[![Open In Colab](https://raw.githubusercontent.com/crunchdao/competitions/refs/heads/master/documentation/badge/open-in-colab.svg)](https://colab.research.google.com/github/crunchdao/quickstarters/blob/master/competitions/structural-break/quickstarters/baseline/baseline.ipynb)
[![Open In Kaggle](https://raw.githubusercontent.com/crunchdao/competitions/refs/heads/master/documentation/badge/open-in-kaggle.svg)](https://www.kaggle.com/code/crunchdao/structural-break-baseline)

# ADIA Lab Structural Break Challenge

## Challenge Overview

Welcome to the ADIA Lab Structural Break Challenge! In this challenge, you will analyze univariate time series data to determine whether a structural break has occurred at a specified boundary point.

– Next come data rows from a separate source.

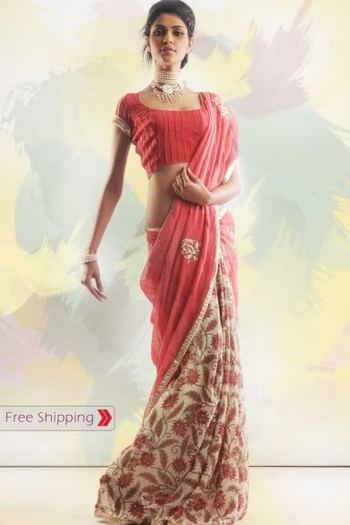 CoralPinkandPeachPartyandFestivalWearSaree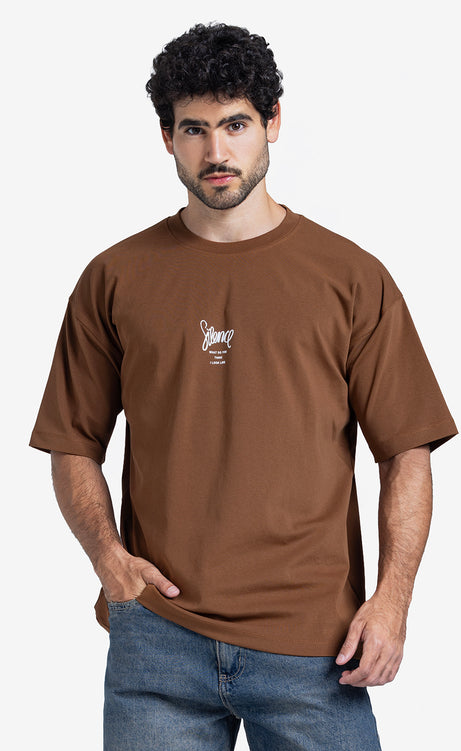 Men's Printed T-Shirt - Coffee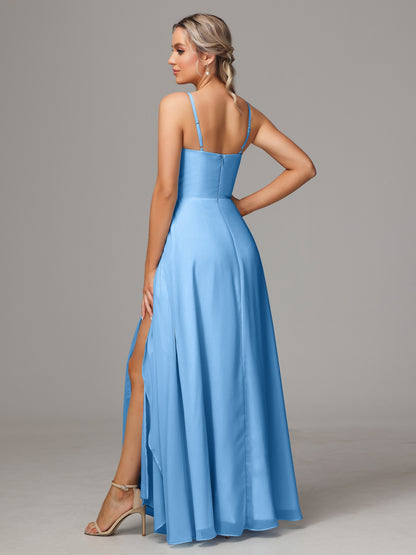 Spaghetti Straps Chiffon Bridesmaid Dress With Pockets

### What is a Structural Break?

A structural break occurs when the process governing the data generation changes at a certain point in time. These changes can be subtle or dramatic, and detecting them accurately is crucial across various domains such as climatology, industrial monitoring, finance, and healthcare.


### Your Task

For each time series in the test set, you need to predict a score between `0` and `1`:
- Values closer to `0` indicate no structural break at the specified boundary point;
- Values closer to `1` indicate a structural break did occur.

### Evaluation Metric

The evaluation metric is [ROC AUC (Area Under the Receiver Operating Characteristic Curve)](https://scikit-learn.org/stable/modules/generated/sklearn.metrics.roc_auc_score.html), which measures the performance of detection algorithms regardless of their specific calibration.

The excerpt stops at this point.